Therefore, the new solution is a schedule of all the jobs including j before time opt, and thus this is an optimal solution.

Lemma 13

The migration factor of the algorithm is at most m−1.

Proof

Consider a flow path π. Then, since π is simple, it has at most m+1 arcs, and thus only m−1 arcs in π′. Denote by α π the amount of flow along π, then the total flow along all the arcs of π′ is at most α π ⋅(m−1). Summing up over all flow paths we conclude that the total flow of the arcs in the network (excluding the arcs which are adjacent to either s or t) is at most p j ⋅(m−1). The total migration of jobs (or parts of jobs) in the current iteration of the algorithm is exactly the total flow of the arcs (excluding the arcs which are adjacent to either s or t), that is at most p j ⋅(m−1), and therefore the migration factor is at most m−1. □

It remains to show that our algorithm will not fail to find a maximum flow of size p j in the network.

Lemma 14

The value of the maximum flow in the network is at least p j .

Proof

Assume by contradiction that the value of the maximum flow is smaller than p j , and consider the residual flow network at the end of the maximum flow computation. Since this is a maximum flow, there is no path from s to t in this network. We denote by S the set of machines which are accessible from s in the residual network. We apply the changes to the solution as implied by our algorithm (though it does not give an allocation of p j processing time units to job j). In this solution each job i which is processed by some machine of S, cannot be processed by any machine of MS (since otherwise, there would be an arc from S to MS in the residual network). Moreover, as there is no path from any node of S to t in the residual network, there is no arc from a machine in S to t in this network, and each machine of S processes a total size of jobs of exactly opt. Therefore, since j was not completely assigned, the total processing time of all jobs which must be processed by machines in S (that is, their processing set is contained in S) is strictly larger than |S|⋅opt. This contradicts the assumption that opt is the optimal cost of a solution to the problem. □

Therefore, we established the following theorem.

Theorem 15

There exists an optimal algorithm for makespan minimization in the fractional restricted assignment model whose migration factor is at most m−1.

Appendix B: Two Machines

B.1 An Algorithm of Migration Factor 1 for Two Uniformly Related Machines

In this section we design a class of algorithms. Without loss of generality we consider two uniformly related machines of speed ratio s>1, where s 1=1 and s 2=s. Each algorithm maintains an optimal schedule using a migration factor of 1 for a given norm which is the p norm for some p>1 or norm (that corresponds to makespan minimization). Note that by the lower bound of m−1 on the migration factor of an optimal algorithm, in all cases this is the best possible migration factor.
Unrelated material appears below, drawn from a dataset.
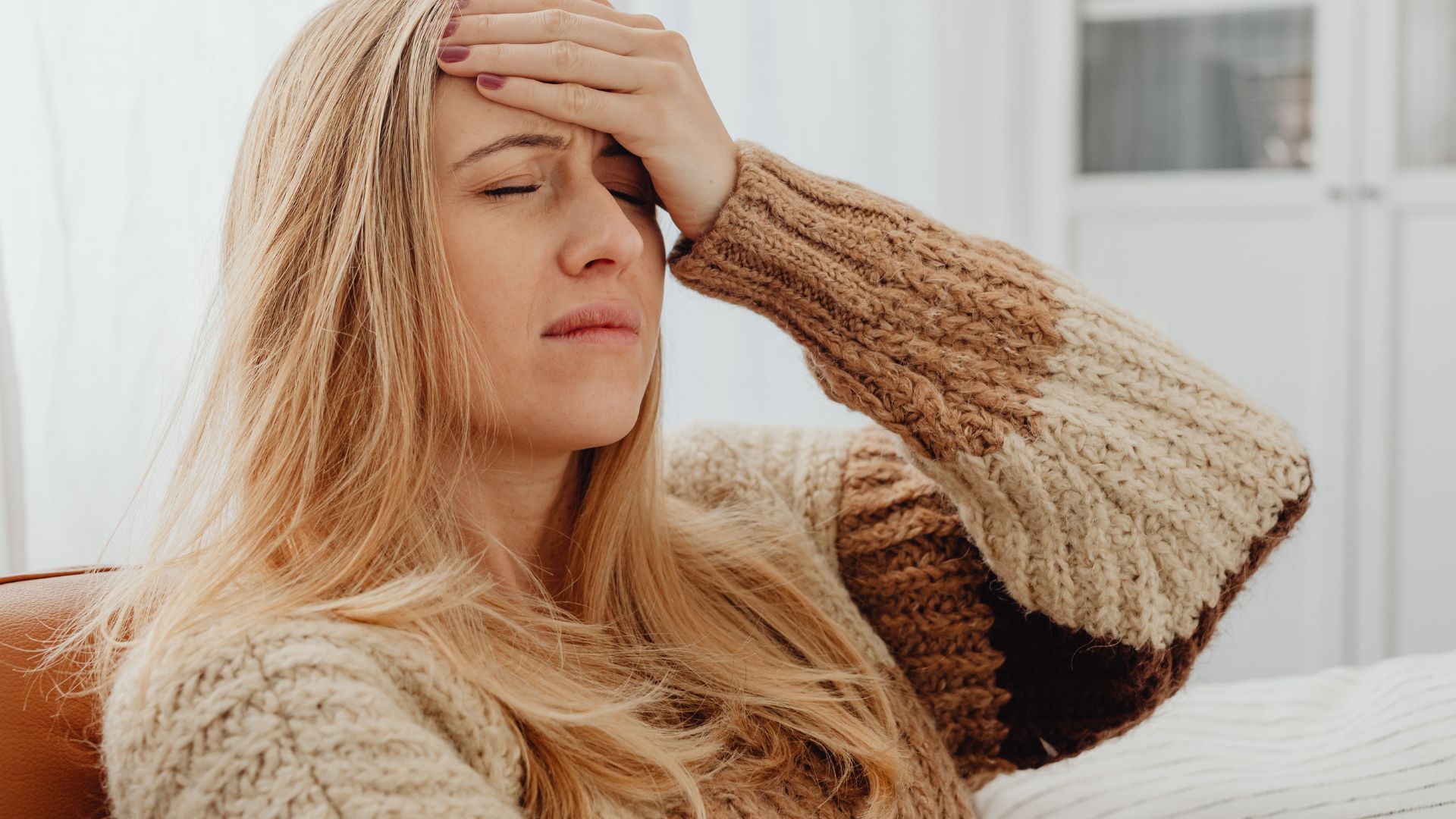 Bạn cần đến gặp bác sĩ nếu tình trạng đau đầu kéo dài trên 3 ngày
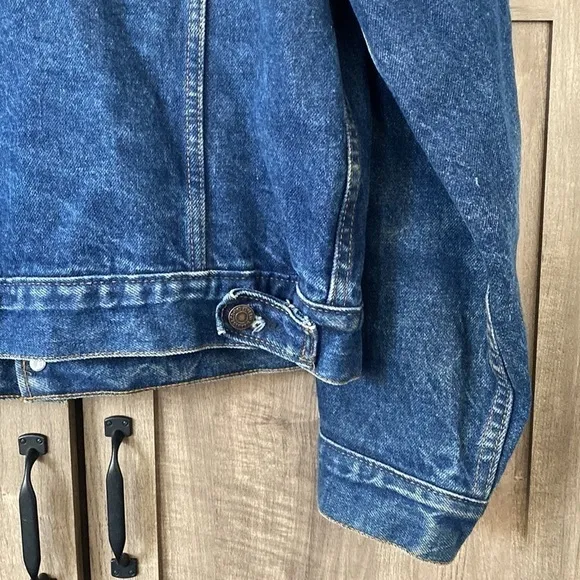 Levi Strauss&amp;Co Vintage 100% Cotton Pocket Red Flannel Lined Jean Jacket Size 42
Given a prefix of the input for the makespan minimization problem, \(\textsc{opt}_{t}=\max\{\frac{p_{t}^{\max}}{s},\frac{P_{t}}{s+1}\}\) [22, 26, 27] (here and in the next section opt t denotes an optimal schedule for the first t jobs as well as its cost). If \(\textsc{opt}_{t}=\frac{P_{t}}{s+1}\) then both machines have equal loads, and clearly there is no idle time. If \(\textsc{opt}_{t}=\frac{p_{t}^{\max}}{s}\) then the job of the maximum size is assigned to the second machine and it is possible to avoid idle time on the first machine by assigning the other jobs to run there during the time interval \([0,P_{t}-p_{t}^{\max}]\). This results in a strongly optimal solution (but for uniformly related machines, this does not imply the minimization of any p norm). In the first case there are inputs where two preemptions are required to achieve these loads, and in the second case it is always possible to avoid preemptions altogether. However, since we construct a robust algorithm which modifies the schedule multiple times, our algorithm will use a linear number of preemptions (in the number of jobs).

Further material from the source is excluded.